* **What the task asks**
The lines to be copied are those below that contain "Фото".

:: The data ::

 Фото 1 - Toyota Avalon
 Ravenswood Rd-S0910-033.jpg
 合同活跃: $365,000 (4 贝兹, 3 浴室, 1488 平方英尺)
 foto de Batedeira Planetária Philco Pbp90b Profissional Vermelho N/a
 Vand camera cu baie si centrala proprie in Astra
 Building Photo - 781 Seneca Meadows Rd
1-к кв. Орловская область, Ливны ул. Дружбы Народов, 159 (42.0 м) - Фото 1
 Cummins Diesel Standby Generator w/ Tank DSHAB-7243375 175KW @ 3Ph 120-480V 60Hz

:::

* **Task result**
 Фото 1 - Toyota Avalon
1-к кв. Орловская область, Ливны ул. Дружбы Народов, 159 (42.0 м) - Фото 1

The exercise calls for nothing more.